▶ Work to complete
All lines from the one containing "3 CT Oval Sapphire" to the final line of the material should be retyped exactly. Nothing else belongs in the response.

▶ Extracted information

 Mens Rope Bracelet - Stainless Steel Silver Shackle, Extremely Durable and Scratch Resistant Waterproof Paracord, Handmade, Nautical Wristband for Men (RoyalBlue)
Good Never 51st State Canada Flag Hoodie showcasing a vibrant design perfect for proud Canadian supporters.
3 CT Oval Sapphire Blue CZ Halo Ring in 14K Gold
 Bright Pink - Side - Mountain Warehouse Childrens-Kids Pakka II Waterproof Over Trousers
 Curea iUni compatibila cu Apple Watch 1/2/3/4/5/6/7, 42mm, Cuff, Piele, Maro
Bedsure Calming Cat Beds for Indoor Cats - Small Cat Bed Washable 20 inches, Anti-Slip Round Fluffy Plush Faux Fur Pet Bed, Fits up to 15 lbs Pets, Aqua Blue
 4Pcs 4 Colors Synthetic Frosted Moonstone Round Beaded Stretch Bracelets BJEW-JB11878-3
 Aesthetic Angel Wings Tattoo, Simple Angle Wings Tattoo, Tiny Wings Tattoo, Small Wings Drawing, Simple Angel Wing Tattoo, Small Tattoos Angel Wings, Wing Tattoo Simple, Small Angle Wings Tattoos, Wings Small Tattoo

▶ Reply
3 CT Oval Sapphire Blue CZ Halo Ring in 14K Gold
 Bright Pink - Side - Mountain Warehouse Childrens-Kids Pakka II Waterproof Over Trousers
 Curea iUni compatibila cu Apple Watch 1/2/3/4/5/6/7, 42mm, Cuff, Piele, Maro
Bedsure Calming Cat Beds for Indoor Cats - Small Cat Bed Washable 20 inches, Anti-Slip Round Fluffy Plush Faux Fur Pet Bed, Fits up to 15 lbs Pets, Aqua Blue
 4Pcs 4 Colors Synthetic Frosted Moonstone Round Beaded Stretch Bracelets BJEW-JB11878-3
 Aesthetic Angel Wings Tattoo, Simple Angle Wings Tattoo, Tiny Wings Tattoo, Small Wings Drawing, Simple Angel Wing Tattoo, Small Tattoos Angel Wings, Wing Tattoo Simple, Small Angle Wings Tattoos, Wings Small Tattoo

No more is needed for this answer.